Most such programs focus on 9-to-5 jobs that don’t have much future in the new economy, where 30 percent of workers are freelance. We provide digital-literacy training so our students can compete in the growing online marketplace, breaking the poverty cycle with remote-access 
work that enables some of the 46.5 million impoverished Americans to find gainful employment outside their local, economically depressed markets. And we do so for three times less than comparable programs.

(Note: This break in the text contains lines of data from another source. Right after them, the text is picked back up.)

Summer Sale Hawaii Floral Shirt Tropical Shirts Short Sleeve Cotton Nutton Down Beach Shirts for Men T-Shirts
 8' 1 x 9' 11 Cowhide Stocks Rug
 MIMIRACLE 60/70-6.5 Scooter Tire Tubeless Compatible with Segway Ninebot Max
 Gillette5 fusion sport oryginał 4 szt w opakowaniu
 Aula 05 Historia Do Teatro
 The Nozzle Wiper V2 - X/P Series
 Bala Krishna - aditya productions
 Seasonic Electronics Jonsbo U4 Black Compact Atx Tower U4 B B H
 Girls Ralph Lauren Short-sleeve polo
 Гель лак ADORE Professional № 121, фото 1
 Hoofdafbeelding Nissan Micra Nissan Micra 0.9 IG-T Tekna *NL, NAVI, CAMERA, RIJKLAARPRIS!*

What else is in the pipeline? We’re expanding Samahope—the first crowdfunding platform to raise money 
for doctors—stateside. Internationally, bridging the gap between patients and health care means treating severe burns and birth injuries. Here, it’s providing things like cervical screenings and medical kits to those who fall outside the insurance structure. The U.S. has the most expensive health-care system in the world, yet we underperform when it comes to health outcomes. One reason is the lowest income among us have very poor access to care. The challenges that the homeless face aren’t dissimilar to those in developing countries. When I share some of the statistics underlying our work, people often think I have my numbers wrong. Luckily I worked at the World Bank, so I know where to find those numbers.

You run a company that’s helped 26,000 people escape poverty. Yet when I Google you, the first two auto-fills are “husband” and “married.” It would be great if that resulted in more actual dates. But I wish people would Google “Leila Janah donate” instead.